5. Points forts de l’étude

  • Développement d’une plateforme de criblage interne à haut débit : MaPSy établit un paradigme technique applicable à la caractérisation systématique et physiologiquement pertinente des mutations d’épissage.
  • Cartographie panoramique des exons hotspot pour l’épissage : la vaste combinaison d’expériences in vitro et in silico confirme le caractère non aléatoire des mutations, fournissant un guide précieux en diagnostic génétique et en identification de nouvelles cibles thérapeutiques.
  • Stratégie ASO “multi-correction pour un exon” : un unique design peut corriger de multiples mutations sur le même exon, étendant considérablement la portée thérapeutique des ASO.
  • Innovation mécanistique — modulation de la dynamique de l’épissage : plutôt que de “réparer” chaque mutation, l’ASO agit sur la compétition lors de l’épissage régional, ce qui permet de restaurer l’inclusion même en présence de mutations diverses.
  • Illustration clinique : l’exon 13 de BRCA2 dans MyCode compte 100 mutations, dont 13 chez des patients cancéreux — toutes associées à des défauts d’épissage détectés expérimentalement. En théorie un seul ASO pourrait corriger toutes ces anomalies, avec d’importantes implications pour le dépistage précoce/genétique du cancer.

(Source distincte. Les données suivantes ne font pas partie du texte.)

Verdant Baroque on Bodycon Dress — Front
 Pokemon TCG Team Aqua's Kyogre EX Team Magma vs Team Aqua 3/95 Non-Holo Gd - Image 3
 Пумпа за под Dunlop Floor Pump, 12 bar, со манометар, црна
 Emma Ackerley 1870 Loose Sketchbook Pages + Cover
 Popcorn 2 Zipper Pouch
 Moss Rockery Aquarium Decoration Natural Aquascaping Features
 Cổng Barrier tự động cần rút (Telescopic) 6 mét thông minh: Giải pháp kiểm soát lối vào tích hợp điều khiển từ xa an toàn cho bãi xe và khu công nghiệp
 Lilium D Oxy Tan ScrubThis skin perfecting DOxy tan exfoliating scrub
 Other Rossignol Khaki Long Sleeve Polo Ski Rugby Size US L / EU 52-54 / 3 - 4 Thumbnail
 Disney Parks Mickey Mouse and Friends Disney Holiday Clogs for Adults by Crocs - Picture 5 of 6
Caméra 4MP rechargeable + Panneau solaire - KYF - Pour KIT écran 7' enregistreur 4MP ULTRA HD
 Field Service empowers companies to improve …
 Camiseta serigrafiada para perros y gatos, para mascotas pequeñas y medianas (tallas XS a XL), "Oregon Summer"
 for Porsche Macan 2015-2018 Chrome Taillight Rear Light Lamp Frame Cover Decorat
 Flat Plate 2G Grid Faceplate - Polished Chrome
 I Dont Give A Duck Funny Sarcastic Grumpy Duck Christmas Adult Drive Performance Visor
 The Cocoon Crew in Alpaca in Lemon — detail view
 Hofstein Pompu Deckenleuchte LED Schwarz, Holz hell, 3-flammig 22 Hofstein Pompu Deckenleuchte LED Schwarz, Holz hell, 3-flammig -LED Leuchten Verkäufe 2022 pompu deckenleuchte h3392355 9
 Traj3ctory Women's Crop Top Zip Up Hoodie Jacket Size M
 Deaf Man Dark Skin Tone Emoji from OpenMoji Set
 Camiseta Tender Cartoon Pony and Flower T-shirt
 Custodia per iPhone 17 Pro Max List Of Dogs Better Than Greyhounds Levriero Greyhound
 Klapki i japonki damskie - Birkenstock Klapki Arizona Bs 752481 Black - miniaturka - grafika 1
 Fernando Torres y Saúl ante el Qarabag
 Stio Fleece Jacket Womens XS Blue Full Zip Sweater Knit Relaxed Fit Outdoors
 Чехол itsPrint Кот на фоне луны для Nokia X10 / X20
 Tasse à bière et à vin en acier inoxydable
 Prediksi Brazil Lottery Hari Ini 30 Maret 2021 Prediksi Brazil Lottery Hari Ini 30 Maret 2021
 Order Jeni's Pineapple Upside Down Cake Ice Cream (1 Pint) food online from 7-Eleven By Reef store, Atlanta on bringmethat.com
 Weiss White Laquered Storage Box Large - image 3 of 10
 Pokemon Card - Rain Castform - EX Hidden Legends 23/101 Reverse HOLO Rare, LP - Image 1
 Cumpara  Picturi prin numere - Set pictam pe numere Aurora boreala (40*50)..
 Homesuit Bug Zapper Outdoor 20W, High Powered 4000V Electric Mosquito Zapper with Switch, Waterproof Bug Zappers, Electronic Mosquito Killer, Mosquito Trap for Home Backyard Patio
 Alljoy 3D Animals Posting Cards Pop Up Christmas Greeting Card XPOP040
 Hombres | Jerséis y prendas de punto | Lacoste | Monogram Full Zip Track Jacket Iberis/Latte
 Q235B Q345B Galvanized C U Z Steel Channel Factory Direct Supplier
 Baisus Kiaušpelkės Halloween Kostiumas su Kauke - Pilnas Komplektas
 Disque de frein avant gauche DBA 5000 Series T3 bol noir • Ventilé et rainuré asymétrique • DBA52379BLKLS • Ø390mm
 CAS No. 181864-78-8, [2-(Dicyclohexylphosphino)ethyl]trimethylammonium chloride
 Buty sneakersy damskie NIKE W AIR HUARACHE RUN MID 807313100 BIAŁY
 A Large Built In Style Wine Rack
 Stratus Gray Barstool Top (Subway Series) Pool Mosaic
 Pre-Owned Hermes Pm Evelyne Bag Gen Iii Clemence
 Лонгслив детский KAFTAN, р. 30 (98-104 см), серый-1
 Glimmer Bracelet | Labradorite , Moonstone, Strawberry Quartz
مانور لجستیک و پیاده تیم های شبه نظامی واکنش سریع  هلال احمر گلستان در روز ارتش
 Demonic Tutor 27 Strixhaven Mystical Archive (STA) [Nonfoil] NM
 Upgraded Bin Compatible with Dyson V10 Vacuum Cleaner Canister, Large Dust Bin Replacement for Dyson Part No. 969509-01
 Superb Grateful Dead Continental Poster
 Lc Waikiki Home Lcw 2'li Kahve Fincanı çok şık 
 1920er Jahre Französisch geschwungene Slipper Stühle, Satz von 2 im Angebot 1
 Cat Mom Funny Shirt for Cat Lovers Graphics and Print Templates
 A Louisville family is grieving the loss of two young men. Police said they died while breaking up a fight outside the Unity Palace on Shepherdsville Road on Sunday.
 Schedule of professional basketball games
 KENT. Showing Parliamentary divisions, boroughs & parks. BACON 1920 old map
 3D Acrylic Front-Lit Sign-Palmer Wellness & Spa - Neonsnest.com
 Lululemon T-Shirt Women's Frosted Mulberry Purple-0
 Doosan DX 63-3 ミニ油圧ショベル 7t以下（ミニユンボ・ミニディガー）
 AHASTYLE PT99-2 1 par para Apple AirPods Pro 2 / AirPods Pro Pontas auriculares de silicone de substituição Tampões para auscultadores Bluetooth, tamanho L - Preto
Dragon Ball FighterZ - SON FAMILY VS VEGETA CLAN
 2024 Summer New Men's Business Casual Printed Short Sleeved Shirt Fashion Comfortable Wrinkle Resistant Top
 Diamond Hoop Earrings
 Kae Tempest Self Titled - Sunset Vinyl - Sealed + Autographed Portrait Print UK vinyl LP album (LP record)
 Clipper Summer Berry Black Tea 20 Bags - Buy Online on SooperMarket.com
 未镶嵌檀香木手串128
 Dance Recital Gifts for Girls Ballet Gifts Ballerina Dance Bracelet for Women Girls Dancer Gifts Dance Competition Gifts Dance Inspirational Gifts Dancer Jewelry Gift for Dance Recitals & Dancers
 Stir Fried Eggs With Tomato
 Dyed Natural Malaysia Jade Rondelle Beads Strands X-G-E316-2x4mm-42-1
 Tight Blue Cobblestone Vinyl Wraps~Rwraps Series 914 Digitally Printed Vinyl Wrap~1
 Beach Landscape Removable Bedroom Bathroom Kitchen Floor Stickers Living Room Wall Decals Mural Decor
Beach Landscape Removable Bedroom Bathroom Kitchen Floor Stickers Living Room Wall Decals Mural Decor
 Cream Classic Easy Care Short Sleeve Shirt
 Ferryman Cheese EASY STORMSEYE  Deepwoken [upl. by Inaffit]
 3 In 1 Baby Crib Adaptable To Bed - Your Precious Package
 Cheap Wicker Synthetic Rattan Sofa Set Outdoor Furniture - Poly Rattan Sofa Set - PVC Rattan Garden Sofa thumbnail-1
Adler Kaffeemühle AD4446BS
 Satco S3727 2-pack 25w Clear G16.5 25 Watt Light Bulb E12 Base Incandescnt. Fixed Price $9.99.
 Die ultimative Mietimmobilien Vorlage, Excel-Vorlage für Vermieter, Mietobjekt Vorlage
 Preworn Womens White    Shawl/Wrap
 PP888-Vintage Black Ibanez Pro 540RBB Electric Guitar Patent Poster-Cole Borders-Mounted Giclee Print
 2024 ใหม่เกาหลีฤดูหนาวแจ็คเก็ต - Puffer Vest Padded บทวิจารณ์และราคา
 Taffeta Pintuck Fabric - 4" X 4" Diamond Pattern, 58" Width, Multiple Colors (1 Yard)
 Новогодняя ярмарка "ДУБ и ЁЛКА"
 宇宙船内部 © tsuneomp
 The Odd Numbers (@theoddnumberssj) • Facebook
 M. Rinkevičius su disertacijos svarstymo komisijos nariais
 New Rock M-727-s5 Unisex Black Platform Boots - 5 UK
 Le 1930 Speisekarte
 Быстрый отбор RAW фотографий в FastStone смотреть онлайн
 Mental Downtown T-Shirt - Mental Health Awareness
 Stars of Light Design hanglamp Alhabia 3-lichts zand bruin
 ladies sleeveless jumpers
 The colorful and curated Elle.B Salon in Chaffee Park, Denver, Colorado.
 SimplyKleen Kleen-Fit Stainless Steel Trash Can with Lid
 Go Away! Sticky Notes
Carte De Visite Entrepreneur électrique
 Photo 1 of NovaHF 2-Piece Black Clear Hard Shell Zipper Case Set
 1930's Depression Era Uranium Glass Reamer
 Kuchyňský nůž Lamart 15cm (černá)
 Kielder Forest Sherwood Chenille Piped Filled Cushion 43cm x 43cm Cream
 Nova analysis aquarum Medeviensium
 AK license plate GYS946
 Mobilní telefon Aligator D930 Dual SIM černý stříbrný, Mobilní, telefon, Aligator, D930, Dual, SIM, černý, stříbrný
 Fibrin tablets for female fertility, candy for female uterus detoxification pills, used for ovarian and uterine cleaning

6. Conclusion, prospective et limites

Cette étude approfondit considérablement notre compréhension des maladies liées à l’épissage et de leurs mécanismes moléculaires, tout en proposant une correction innovante “one-to-many” pour les anomalies rares et hétérogènes comprenant les maladies rares et de nombreux cancers.

Dans la pratique, la stratégie ASO unique propose de nombreux avantages : - Amélioration majeure de l’efficacité R&D, en facilitant la traduction clinique pour des variants rares et petits sous-groupes de patients ; - Réduction de la fragmentation excessive due à la conception d’ASO personnalisés, favorisant la standardisation et l’industrialisation du médicament ; - Renforcement du paradigme d’intervention à l’échelle du gène ou de l’exon en médecine de précision, favorisant l’émergence de nouvelles classes de traitements.

Du côté des limites, les auteurs signalent lucidement : - Pour les mutations missense, l’ASO ne peut corriger que l’épissage et non la protéine anormale résultante ; une correction génique (ex : CRISPR) pourra donc être nécessaire pour un effet complet. - Des problèmes de dosage ou de spécificité de l’ASO pourraient provoquer des skippings multi-exoniques inattendus ; il sera important de calibrer précisément l’administration et de sélectionner judicieusement les candidats.


7. Conclusion

Ce travail original publié dans PNAS élargit signficativement les frontières de la médecine moléculaire dans la compréhension des défauts d’épissage et les applications thérapeutiques des oligonucléotides antisens. Il fournit des plateformes, des ressources, des concepts et des itinéraires de recherche translationnelle robustes, ouvrant la voie à la réalisation future d’une “boucle de précision” du gène au traitement pour les maladies rares et les pathologies à variants multiples, avec l’espoir d’apporter de nouvelles options thérapeutiques concrètes aux patients.